This easy recipe for Pumpkin Bread with Maple Walnut Streusel makes the most delicious, moist pumpkin bread! Whip it up from scratch and enjoy the best pumpkin bread!
FOR THE MAPLE WALNUTS
- 1/4 cup walnuts, roughly chopped
- 1/8 teaspoon cinnamon or pumpkin pie spice
- pinch of salt
- 1 tablespoon maple syrup
FOR THE STREUSEL
- 3 tablespoons unsalted butter, melted
- 1/4 cup plus 2 tablespoons all purpose flour
- 3 tablespoons brown sugar
- 1 tablespoon granulated sugar
- 1/2 teaspoon cinnamon
- 1/4 cup maple glazed walnuts, cooled and chopped (recipe above)*
FOR THE BATTER
- 1 1/2 cups all purpose flour
- 1/2 teaspoon salt
- 1 teaspoon baking soda
- 1 1/4 teaspoons cinnamon
- 1/2 teaspoon nutmeg
- 1/4 teaspoon ground ginger
- 1/2 cup brown sugar (light or dark)
- 3/4 cup plus 2 tablespoons granulated sugar
- 1/2 cup vegetable oil
- 2 eggs, lightly beaten
- 1 1/2 cups plain pumpkin puree (not pumpkin pie filling)
- 1/2 teaspoon vanilla extract
- 1/3 cup milk
FOR THE WALNUTS
1. In a small bowl, toss the walnuts with 1/8 teaspoon cinnamon and a small pinch of salt. Add them to a dry skillet on medium-high heat. Add the maple syrup and stir to coat the walnuts. Stir constantly with a wooden spoon for 3-4 minutes until the nuts are toasted. Turn nuts out onto a sheet of parchment paper. Spread the nuts out (they’ll be hot and sticking together, so you’ll want to use two forks to unclump them instead of your hands). Allow nuts to cool and dry for about five minutes and then lightly chop them.
FOR THE STREUSEL
1. Combine the butter, flour, sugar, cinnamon, and prepared maple walnuts in a bowl butter in a small bowl. Set aside in the fridge to chill while you prepare the batter.
FOR THE BREAD
1. Set your oven rack to the lower third position and preheat oven to 350 F. Spray a 9 x 5 inch loaf pan with nonstick spray or grease the sides with butter and line with parchment paper and set aside.
2. Whisk together the flour, baking soda, baking powder, salt, cinnamon, and pumpkin pie spice in a medium bowl.
3. In a large bowl, whisk together the granulated sugar and brown sugar, oil followed by the eggs, pumpkin, and vanilla.
4. Stir half the dry ingredients into the wet ingredients followed by the milk. Add the rest of the dry ingredients. Stir until just combined, being careful not to over mix. Pour the batter into the loaf pan.

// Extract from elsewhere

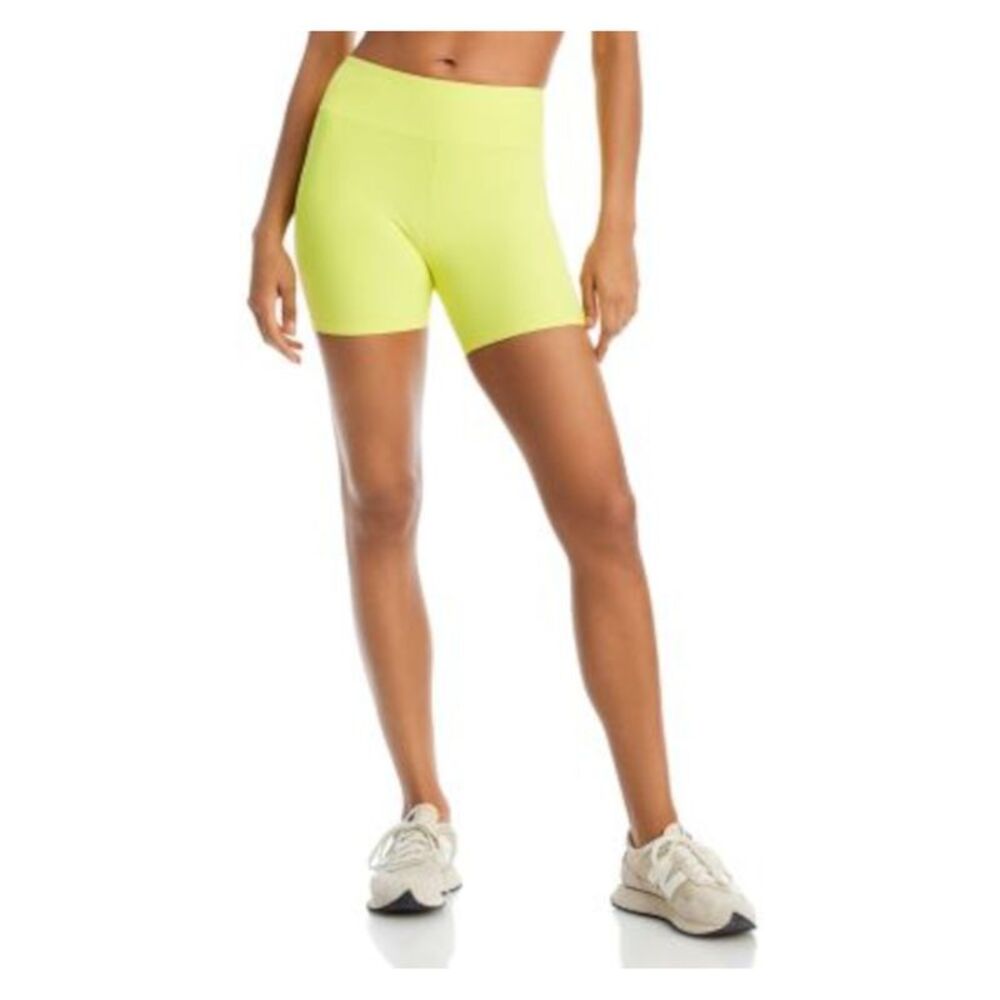 AQUA ATHLETIC Womens Yellow Medium Compression Active Wear Bike Shorts XS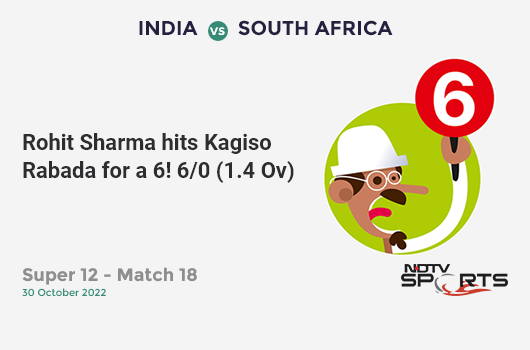 IND vs SA: Super 12 - Match 18: It's a SIX! Rohit Sharma hits Kagiso Rabada. IND 6/0 (1.4 Ov). CRR: 3.6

5. Take the streusel out of the fridge and use a fork or two forks to break it up into chunks of the same size. Cover the top of the batter evenly with the streusel. Bake 1 hour to 1 hour 10 minutes or until a toothpick comes out clean or with just a few moist crumbs on it when inserted into the center. Begin checking at about an hour and check it every five minutes or so until it’s done.
6. Let cool for ten minutes in the pan on a wire rack and then remove it from the pan to cool on a wire rack. Enjoy warm or once cooled and at room temperature.
CAN I LEAVE OUT THE MAPLE CANDIED WALNUTS?
Substitution Options for Maple Candied Walnuts: Use a Different Nut, Skip the Maple Glaze (Just add an additional tablespoon in place of the maple syrup), or substitute the walnuts with an additional 1/4 cup of flour and an extra tablespoon of brown sugar.